[[ RECORDS FOR THE TASK open ]]
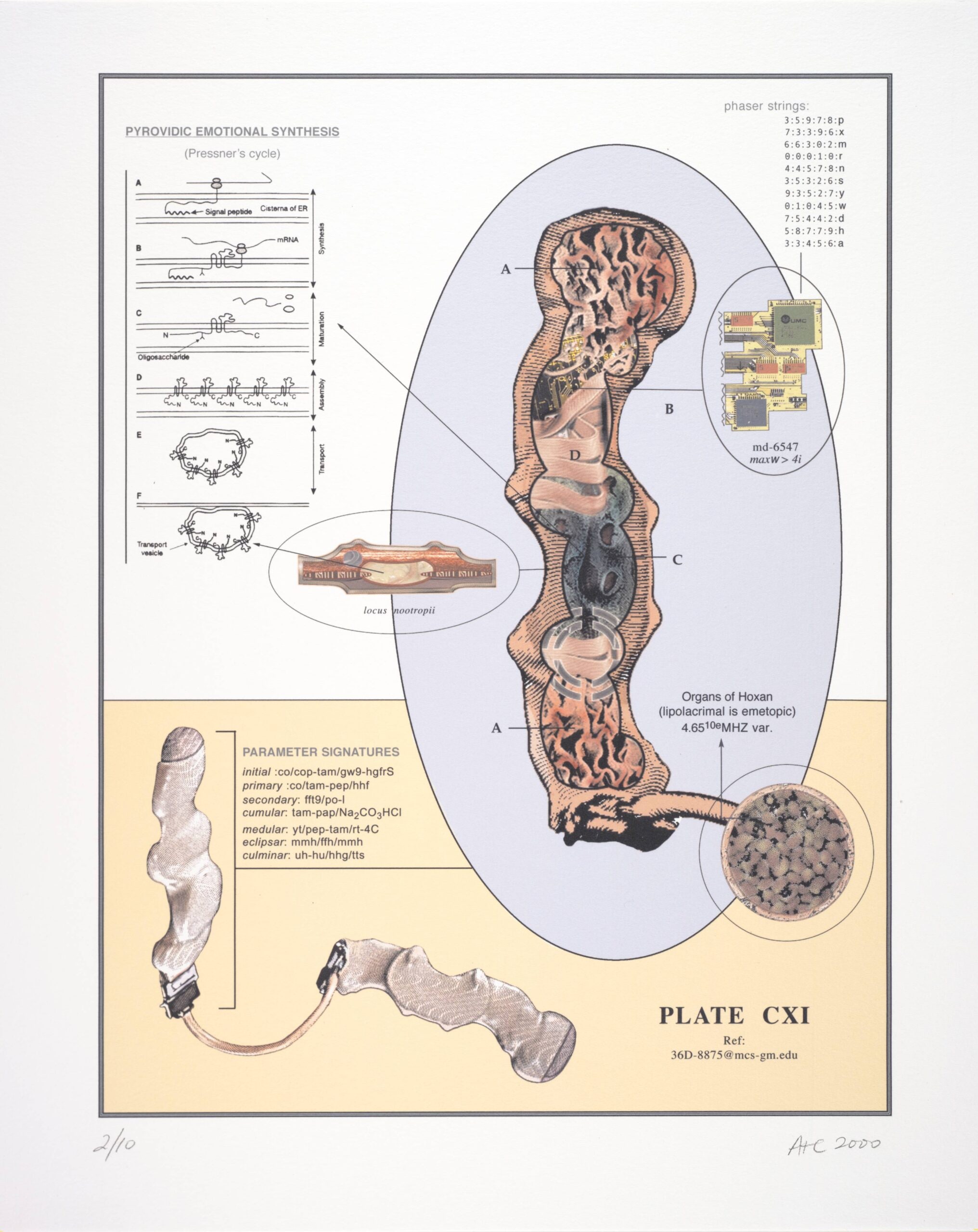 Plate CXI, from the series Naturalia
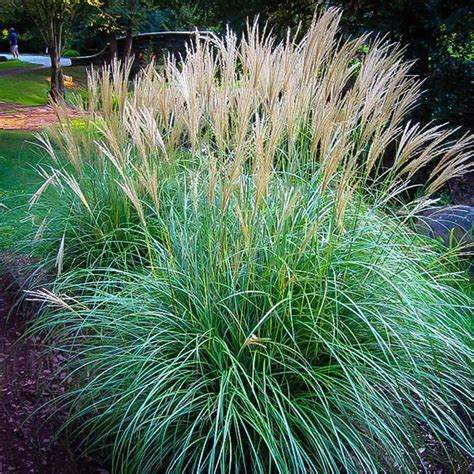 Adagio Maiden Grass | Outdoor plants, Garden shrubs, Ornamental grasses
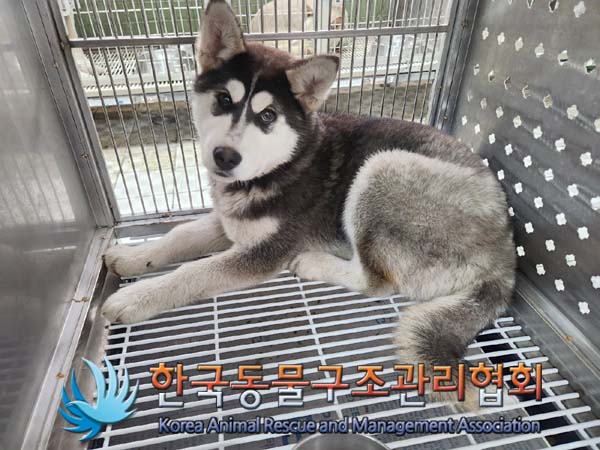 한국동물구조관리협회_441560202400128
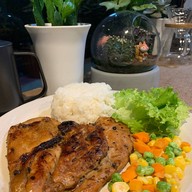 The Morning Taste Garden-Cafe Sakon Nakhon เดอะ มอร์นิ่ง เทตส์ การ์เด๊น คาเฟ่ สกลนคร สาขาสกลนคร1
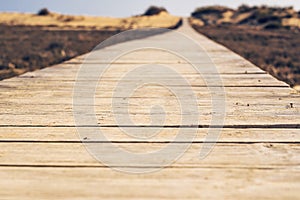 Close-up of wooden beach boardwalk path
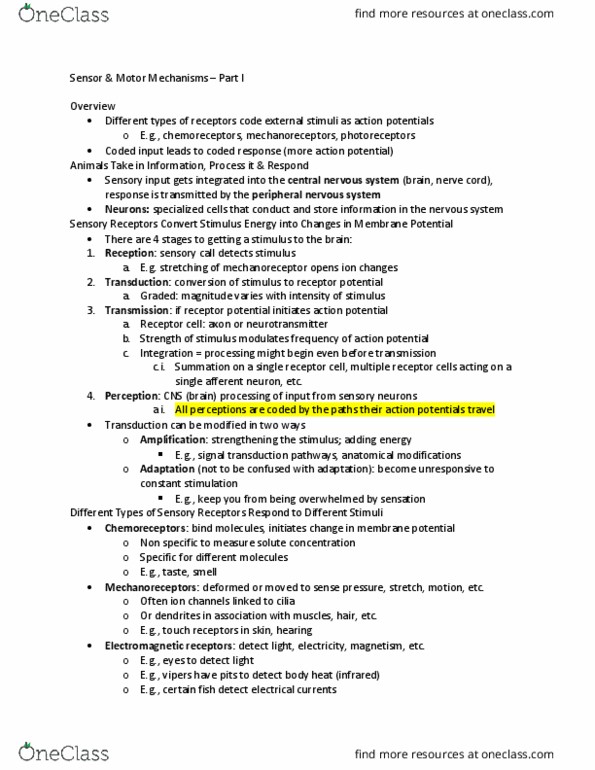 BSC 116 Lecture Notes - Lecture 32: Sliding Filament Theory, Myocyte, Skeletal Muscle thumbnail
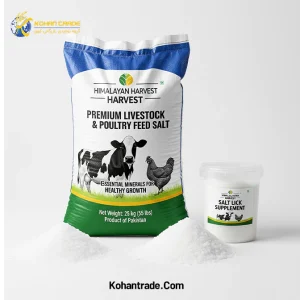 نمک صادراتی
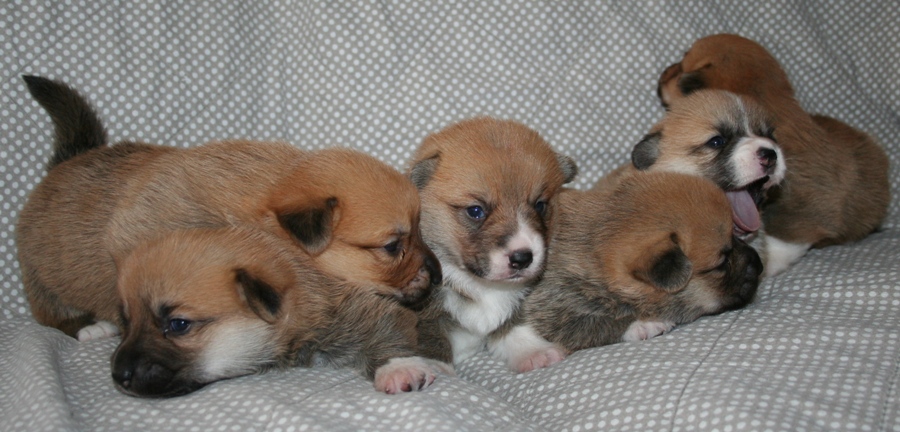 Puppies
[[ RECORDS FOR THE TASK closed ]]
[[ RECORDS FOR THE TASK open ]]
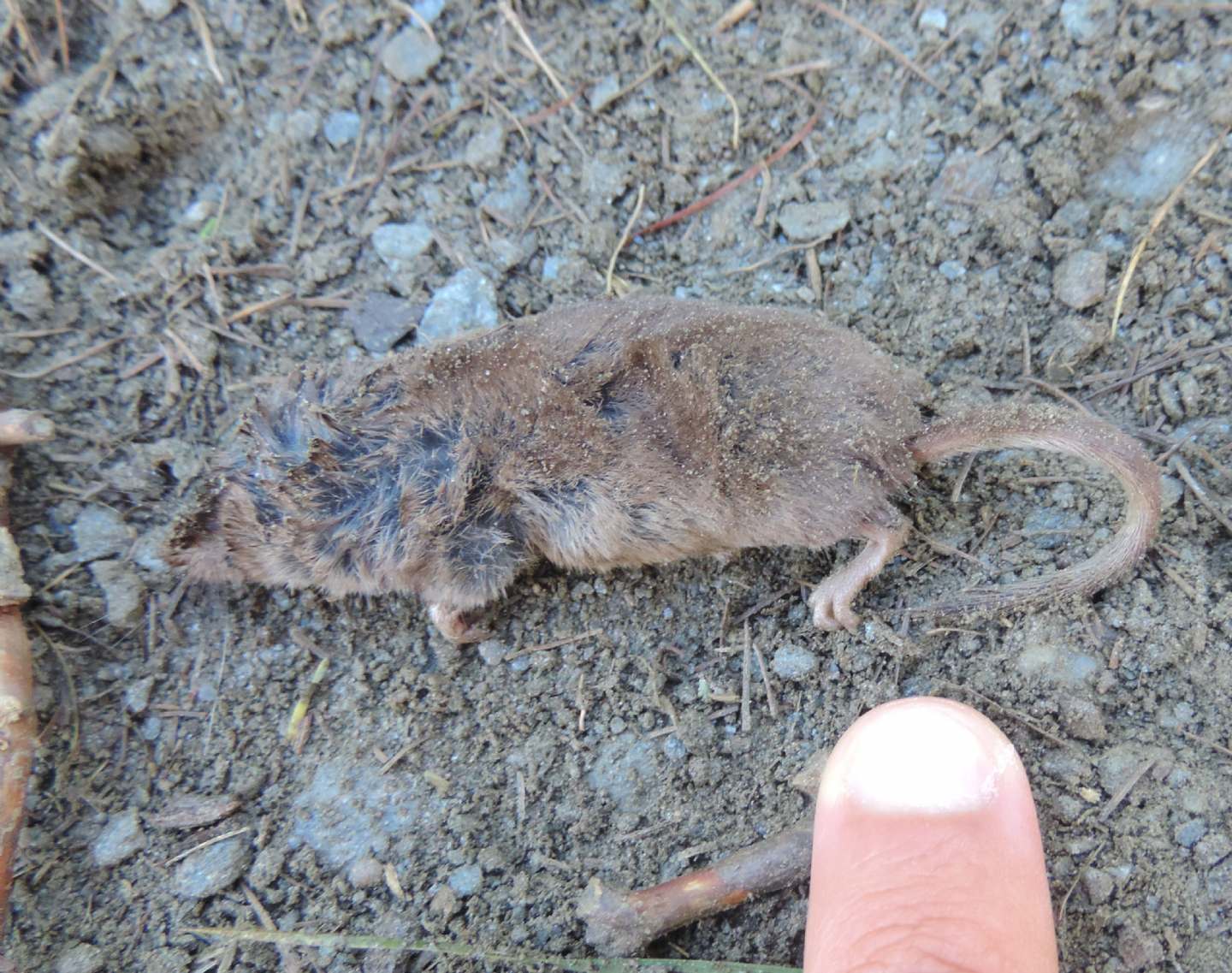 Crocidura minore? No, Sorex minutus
[[ RECORDS FOR THE TASK closed ]]
▸ WHAT TO WORK ON: Beginning at the line that has "Plate CXI, from the series Naturalia" and ending at the line that has "The Morning Taste", restate the listing above word for word, pictures left out.

▸ RESPONSE:
 Plate CXI, from the series Naturalia
 Adagio Maiden Grass | Outdoor plants, Garden shrubs, Ornamental grasses
 한국동물구조관리협회_441560202400128
 The Morning Taste Garden-Cafe Sakon Nakhon เดอะ มอร์นิ่ง เทตส์ การ์เด๊น คาเฟ่ สกลนคร สาขาสกลนคร1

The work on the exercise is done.